Une fois devant les cages, il tira, utilisant Le blizzard éternel, la technique que tout le monde attendait. Dvalin, avec Perceuse, arrêta le ballon, lança une réplique moqueuse, me provoquant encore une fois. Aiden ordonna aux autres de lui passer le ballon, il voulait marquer, et, dans ces conditions, je le savais, rien ni personne ne pourrait l'arrêter. Et j'avais raison, il tira, tira et tira encore, le ballon s'arrêtait toujours dans les mains du gardien qui le provoquait pour le simple plaisir de voir la rage sur son visage et me voir souffrir. Sous mes yeux et sous les siens défilaient notre dernier moment commun, juste avant l'avalanche, juste avant sa mort. Nous remémorant les paroles de notre père, celles qui m'avaient forgés et m'avaient rendus meilleur. Nous voulions être parfaits, tous les deux. Il utilisa encore Le blizzard éternel, qui fut suivit d'un arrêt, d'un échec cuisant. Ca ne l'arrêta toujours pas, il retenta sa chance, mais cette fois, Dvalin stoppa le ballon à main nu, le sourire aux lèvres.

C'était impossible, et pourtant, il l'avait fait. Les cris de mes coéquipiers résonnaient jusqu'à moi, coincé à l'intérieur de mon propre corps. Je sentais la rage et l'étonnement de mon frère :

-Nan, c'est impossible ...

-Je vais être très clair : si c'est tout ce dont tu es capable, nous n'avons pas besoin de toi dans ce match !

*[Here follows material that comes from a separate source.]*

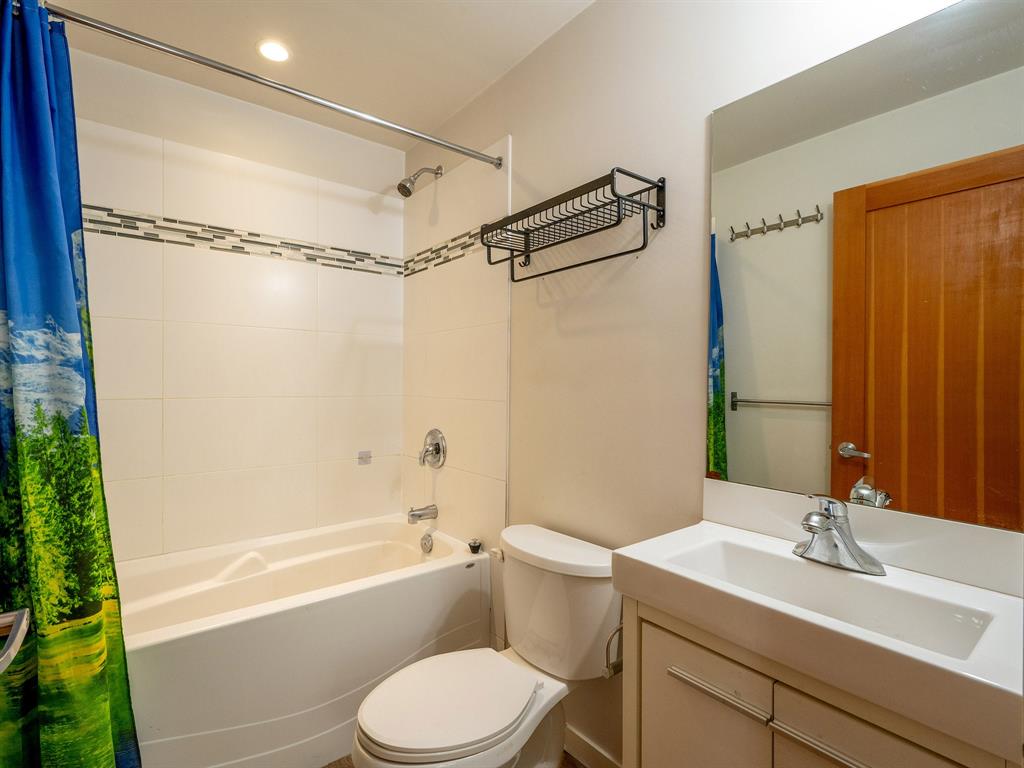 2214 Brandywine Way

Les paroles de Dvalin me firent comme l'effet d'un coup de poignard. Non. D'une dizaine de coup de poignard. Aiden lâcha un cri de douleur, le visage pétrifié, ses yeux orangés immobiles.

Soudain, tout devint noir. J'étais seul, seul avec Shawn et avec moi-même. Je murmurai, tremblant :

-Si l'on n'a pas besoin de Shawn Frost ...

-Si l'on n'a pas besoin d'Aiden Frost

-Alors ...

-Alors ...

Mon corps était partagé entre mon âme et celle de mon frère, nous rejetâmes ma tête en arrière et hurlions ensemble :

-A QUOI JE SERS ???!

Nos deux vois réunis mêlant incompréhension et douleur brisa quelque chose en nous. C'était comme un miroir qui se brise, les morceaux tombaient sans que personne ne puissent les voir. Je m'écroulais sur l'herbe humide du terrain, sans entendre les voix de mes amis, complètement détruit.